Tara takes the hangers and they begin to twitch as if
invisible fingers were flicking the ends up and down. We ask more questions, but yes and no responses offer a limited opportunity to attain understanding.
The children are intrigued that a ghost is in the room,
but they are used to such occurrences and would rather go downstairs and see Prince. I agree to go along. Tara remains in the room to take a shower.
When we return, she is wrapped in a towel and very
excited. “Quick,” she says, leading me into the bathroom. “While in the shower I said, ‘If there is really someone here, give me a sign.’ A moment later, letters began to
appear in the steamed mirror surrounding the shower. The name ‘Grant.’ Then right over there, the spirit drew a thistle (the symbol of Scotland).”
Tara points. The remains of a thistle can still be seen.
Back in the drawing room, I check the name Grant in the
book of prisoners and find fifteen. An Alexander Grant of Inverness died shortly after his capture. Three more died in prison. Ian’s brochure explained that after the
battle, seventeen wounded Scotch officers took refuge in the cellar of Culloden House where the servants cared for them. When the Duke of Cumberland learned of their
presence, he had them taken out and shot.
Was one of them a Grant? The spirit in our room may have
been wounded, filled with anger, and suffered terribly before being executed.

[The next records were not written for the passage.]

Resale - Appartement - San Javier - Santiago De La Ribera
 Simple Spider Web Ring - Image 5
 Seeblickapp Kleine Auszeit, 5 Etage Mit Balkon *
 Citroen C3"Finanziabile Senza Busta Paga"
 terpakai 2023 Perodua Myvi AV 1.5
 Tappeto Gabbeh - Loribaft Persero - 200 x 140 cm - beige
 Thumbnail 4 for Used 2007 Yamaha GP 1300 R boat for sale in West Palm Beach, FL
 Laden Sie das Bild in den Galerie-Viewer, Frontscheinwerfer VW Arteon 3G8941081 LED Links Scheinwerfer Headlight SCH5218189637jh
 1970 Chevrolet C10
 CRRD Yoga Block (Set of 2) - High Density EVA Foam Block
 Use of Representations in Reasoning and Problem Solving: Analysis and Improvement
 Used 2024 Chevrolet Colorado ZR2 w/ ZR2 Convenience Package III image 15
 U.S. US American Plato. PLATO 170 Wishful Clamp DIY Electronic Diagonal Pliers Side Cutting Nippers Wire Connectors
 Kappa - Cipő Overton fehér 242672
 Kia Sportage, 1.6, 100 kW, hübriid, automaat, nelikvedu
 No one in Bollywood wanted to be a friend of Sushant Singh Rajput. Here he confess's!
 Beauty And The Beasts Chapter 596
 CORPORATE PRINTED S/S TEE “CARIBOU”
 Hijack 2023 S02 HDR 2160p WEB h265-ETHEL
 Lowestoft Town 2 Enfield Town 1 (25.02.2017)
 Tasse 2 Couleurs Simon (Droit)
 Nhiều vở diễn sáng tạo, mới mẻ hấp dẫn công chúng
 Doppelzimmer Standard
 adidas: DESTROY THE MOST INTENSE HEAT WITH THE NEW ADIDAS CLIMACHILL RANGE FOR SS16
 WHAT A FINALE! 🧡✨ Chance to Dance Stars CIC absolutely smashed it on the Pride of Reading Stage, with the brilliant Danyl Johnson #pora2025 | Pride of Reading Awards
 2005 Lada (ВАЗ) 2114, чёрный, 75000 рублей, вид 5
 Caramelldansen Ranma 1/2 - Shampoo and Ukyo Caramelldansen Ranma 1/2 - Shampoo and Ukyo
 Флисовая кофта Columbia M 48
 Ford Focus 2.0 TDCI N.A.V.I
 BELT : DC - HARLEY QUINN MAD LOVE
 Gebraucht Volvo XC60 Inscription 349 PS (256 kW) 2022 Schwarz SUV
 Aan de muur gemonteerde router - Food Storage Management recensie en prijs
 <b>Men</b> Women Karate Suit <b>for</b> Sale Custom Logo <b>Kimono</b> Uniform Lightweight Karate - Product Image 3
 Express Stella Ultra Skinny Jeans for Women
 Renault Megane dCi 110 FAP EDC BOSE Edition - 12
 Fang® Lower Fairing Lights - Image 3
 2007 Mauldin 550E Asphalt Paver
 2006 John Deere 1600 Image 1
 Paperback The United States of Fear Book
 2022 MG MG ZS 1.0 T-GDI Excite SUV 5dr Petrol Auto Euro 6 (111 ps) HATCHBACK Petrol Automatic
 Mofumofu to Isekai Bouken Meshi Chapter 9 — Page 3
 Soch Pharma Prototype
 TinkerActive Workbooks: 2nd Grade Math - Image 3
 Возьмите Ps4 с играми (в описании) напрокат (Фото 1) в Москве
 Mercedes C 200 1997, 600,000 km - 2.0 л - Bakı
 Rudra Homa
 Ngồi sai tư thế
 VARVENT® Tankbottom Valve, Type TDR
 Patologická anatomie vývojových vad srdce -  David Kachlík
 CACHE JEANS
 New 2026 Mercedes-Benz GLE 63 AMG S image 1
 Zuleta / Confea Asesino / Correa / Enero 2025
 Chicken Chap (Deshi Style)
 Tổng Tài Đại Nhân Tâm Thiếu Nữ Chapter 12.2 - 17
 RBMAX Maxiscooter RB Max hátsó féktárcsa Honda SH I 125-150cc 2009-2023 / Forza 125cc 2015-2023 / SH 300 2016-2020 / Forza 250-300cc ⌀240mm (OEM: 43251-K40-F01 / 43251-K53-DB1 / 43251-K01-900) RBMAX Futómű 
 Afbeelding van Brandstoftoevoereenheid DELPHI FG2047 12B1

That state of mind could have kept him earthbound.
Friday, December 22 -- Culloden Moor: It snowed during the night, but by the time we arrive at the battlefield, the snow has melted and it’s sleeting. The same weather conditions as on the day of the battle, April 16, 1746. The National Trust for Scotland has built a commemorative center at the entrance. We quickly view the displays, and watch a short film that leaves us misty-eyed.
Outside on the edge of the battlefield, buffeted by
wind-driven sleet, Tara and I hold each other, crying. The children ask, “What’s wrong?”
As out of character as my reaction is, I assume the
emotion relates to my identification with the battle or
participation in the conflict.
“Why are you crying?” I ask Tara.
“I don’t know,” she sobs.
For the next hour, we explore the well-marked positions
of the Scotch and English troops. The terrain is painfully familiar. Once I relate the placement of English cannons and Cumberland’s troops to the position of the Scots, I
decide to walk out into the heather. Finding a position that must have been near the center of the battle, I close my eyes, alter my consciousness, and attempt to perceive
the psychometric emanations of Culloden Moor. Conditioned to attain an alpha-level trance within a few moments, at first I intuit only blackness and the sound of sleet
striking the hood of my coat. Then, as if the volume were being slowly turned up, I begin to hear blood-curdling battle cries, the clashing of swords and the roar of
cannons. Images flash before my inner eyes: fighting men, screaming men, dying men. And within a strobe-like flash, it’s as if I’m looking through another’s eyes,
experiencing an adrenaline rush and a searing hatred for the red-coated soldiers. It’s an emotion powerful enough to override all fear and common sense. Killing the enemy
is the only act that will keep me from exploding. The intensity of the experience jolts me back into a waking state. Shivering and shaken, I drop to my knees in the
heather.
When I catch up to Tara and the children, they’re
studying the grave markers along the walkway. Nearby
is a monument explaining that these are “the graves of
the gallant Highlanders who fought for Scotland & Prince Charlie.”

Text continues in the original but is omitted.